The Unga Forskare regional final is organised by the University of Gothenburg, Chalmers University of Technology and Förbundet Unga Forskare, a non-profit youth association that serves as a meeting place for young people interested in science and technology. Other partners supporting the event include the International Science Festival in Gothenburg and Universeum.
“It’s great that we could be here at Universeum this year. It’s such a nice environment and we can reach so many different age groups,” says Annika Dahlqvist.
At a stand close to the entrance, there are three female students from the Kattegattsgymnasiet upper-secondary school in Halmstad. Their project is entitled Detecting an Exoplanet, and deals with planets that orbit stars other than the star in our solar system (the Sun).
“We want to know if amateurs can detect when an exoplanet passes in front of its star ‑ that is, when a transit occurs. Our project focuses on investigating whether we, as amateurs, can do so successfully,” explains Erika Jivén.

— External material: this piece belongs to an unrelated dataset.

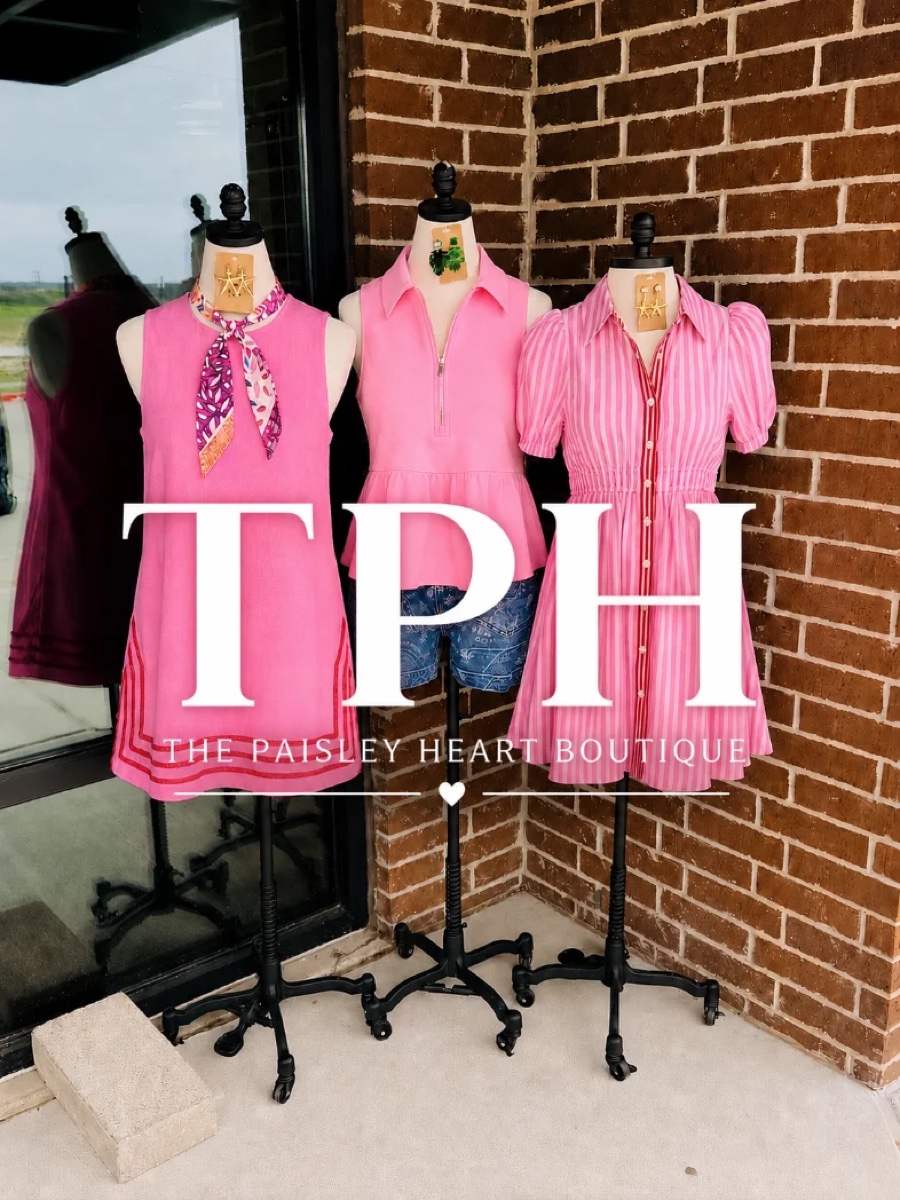 The Paisley Heart boutique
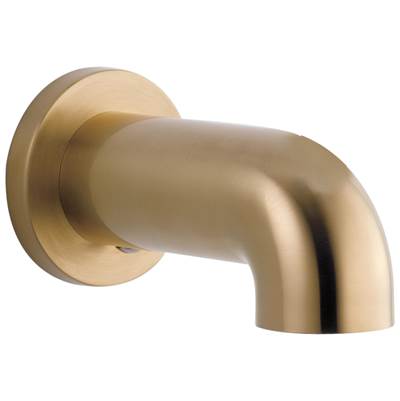 Delta Faucet Trinsic Tub Spout - Non-Diverter - Champagne Bronze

The girls use the transit model in their research, a proven method used by both professional and amateur astronomers. The model is based on studying the star’s relative brightness when the exoplanet passes in front of it.
“The light emitted by a star dims when an exoplanet crosses its face. If this dimming occurs regularly, you can assume that the variation is caused by an exoplanet,” says Lovisa Eriksson.
The three students have studied images using digital analysis technology.
“The planet doesn’t emit light, of course, but we can measure the star’s radiance with the help of a telescope,” Evelyn Bankell adds.
All three girls are happy they could take part in the exhibition.
“It’s a really fun experience and it’s cool to see the fascinating ideas that others have. We’ve mingled quite a lot and are very happy to be here,” Eriksson concludes.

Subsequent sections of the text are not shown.